« A 40 ans, préférer en finir dans une cellule souillée qui pue la mort plutôt que d’être renvoyé dans son pays, ce n’est pas concevable », tempête une avocate du barreau de Bordeaux, éprouvée par le décès d’un prévenu, mercredi 15 décembre, au sous-sol du tribunal judiciaire de Bordeaux où elle allait s’entretenir avec un client. L’homme s’est pendu aux grilles d’aération d’une cellule avec le cordon de serrage de la capuche de son sweat-shirt. Les policiers, puis les pompiers, n’ont rien pu faire pour le sauver. Il s’appelait Fitim Uka. Il avait 41 ans. Il était kosovar.

Selon les premiers éléments de l’enquête pour recherche des causes de la mort dévoilés par le parquet de Bordeaux le jour même du décès, le quadragénaire avait été déféré en fin de matinée et devait être jugé l’après-midi dans le cadre d’une procédure de comparution immédiate pour soustraction à l’exécution d’une mesure d’éloignement. « Le 13 décembre, il a refusé d’embarquer sur un vol pour Amsterdam puis Pristina », détaille son conseil, MAbraham Hervé Diompy, avocat de permanence de l’Institut de défense des étrangers du barreau de Bordeaux. Son client du jour n’avait pas voulu se soumettre à un test PCR conditionnant sa montée dans l’avion comme l’a indiqué le parquet de Bordeaux.

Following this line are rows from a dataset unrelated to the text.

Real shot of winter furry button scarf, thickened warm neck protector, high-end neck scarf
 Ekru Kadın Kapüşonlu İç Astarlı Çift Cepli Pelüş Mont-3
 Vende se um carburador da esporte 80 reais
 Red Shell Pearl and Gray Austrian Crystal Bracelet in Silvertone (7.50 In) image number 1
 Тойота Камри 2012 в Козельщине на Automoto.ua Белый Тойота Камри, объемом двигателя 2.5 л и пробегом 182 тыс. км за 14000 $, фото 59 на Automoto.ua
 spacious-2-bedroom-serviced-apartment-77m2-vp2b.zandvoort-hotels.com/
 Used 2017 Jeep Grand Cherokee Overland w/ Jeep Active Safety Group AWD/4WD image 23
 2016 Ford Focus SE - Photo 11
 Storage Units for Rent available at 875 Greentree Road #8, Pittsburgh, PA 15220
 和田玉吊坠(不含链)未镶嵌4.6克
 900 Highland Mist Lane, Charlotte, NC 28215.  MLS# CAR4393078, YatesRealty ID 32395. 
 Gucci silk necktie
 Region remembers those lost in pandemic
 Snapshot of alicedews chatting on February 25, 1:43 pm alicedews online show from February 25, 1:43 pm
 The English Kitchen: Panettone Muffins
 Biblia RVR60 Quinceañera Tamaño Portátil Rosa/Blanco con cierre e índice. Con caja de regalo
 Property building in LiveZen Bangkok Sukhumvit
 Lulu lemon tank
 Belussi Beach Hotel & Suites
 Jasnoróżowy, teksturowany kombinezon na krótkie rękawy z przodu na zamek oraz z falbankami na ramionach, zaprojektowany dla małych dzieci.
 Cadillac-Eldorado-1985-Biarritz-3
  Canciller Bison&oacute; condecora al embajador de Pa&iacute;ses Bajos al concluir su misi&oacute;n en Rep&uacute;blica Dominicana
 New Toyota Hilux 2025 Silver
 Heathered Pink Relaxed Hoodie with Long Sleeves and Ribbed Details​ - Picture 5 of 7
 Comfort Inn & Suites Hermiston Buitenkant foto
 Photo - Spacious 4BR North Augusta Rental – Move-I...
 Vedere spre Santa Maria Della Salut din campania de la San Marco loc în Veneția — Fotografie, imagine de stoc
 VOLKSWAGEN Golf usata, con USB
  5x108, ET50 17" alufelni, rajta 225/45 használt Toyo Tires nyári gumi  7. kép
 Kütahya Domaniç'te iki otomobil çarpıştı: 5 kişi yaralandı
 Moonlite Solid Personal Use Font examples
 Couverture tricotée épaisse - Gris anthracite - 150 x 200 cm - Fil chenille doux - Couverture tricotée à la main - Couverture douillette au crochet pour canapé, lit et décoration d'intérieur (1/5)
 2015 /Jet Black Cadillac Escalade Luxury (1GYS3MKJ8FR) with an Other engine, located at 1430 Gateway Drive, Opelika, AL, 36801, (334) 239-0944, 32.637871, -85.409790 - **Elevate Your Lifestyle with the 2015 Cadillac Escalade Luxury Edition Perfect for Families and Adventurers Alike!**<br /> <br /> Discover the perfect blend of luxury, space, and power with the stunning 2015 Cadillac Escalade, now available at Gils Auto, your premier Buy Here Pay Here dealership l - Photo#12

Le parcours de Fitim Uka a été reconstitué selon ses dires. « Il était arrivé en France il y a environ quinze ans, fuyant des conflits interethniques et une situation politique instable, dévoile Me Diompy, au vu du dossier qui lui a été communiqué. Il avait un passé traumatique douloureux lié à l’assassinat, le même jour, de quinze membres de sa famille. Il a quitté son pays avec son frère, qui vivrait en Alsace. Il n’a plus de famille, plus personne là-bas. »

« Fragilité psychiatrique »

Le jeune avocat est encore sous le choc. Il a été commis d’office quelques heures seulement avant le décès de son client. Il a rencontré un homme « costaud », « imposant », « tendu », « les yeux vides », « abîmé », « marqué par ses addictions », « le coude cassé », « qui parlait très bien le français ». Le défunt n’était « pas un gentil mec » ni un ange. « Il avait un passé judiciaire dense », souligne l’avocat. Une dizaine de condamnations à son casier judiciaire, essentiellement pour des vols. La dernière, de quatre mois ferme pour des violences conjugales contre son ancienne compagne venait d’être purgée à la prison de Gradignan (Gironde). « Il n’a jamais pu s’insérer socialement, poursuit Me Diompy. Il était sans domicile fixe, parfois accompagné par des dispositifs d’urgence, il était dépendant à l’alcool et à la drogue. Il suivait d’ailleurs un traitement à la prison. Il a eu une vie pas facile, notamment compliquée par sa fragilité psychiatrique. » L’avocat comptait faire valoir ces considérations humanitaires dans sa plaidoirie.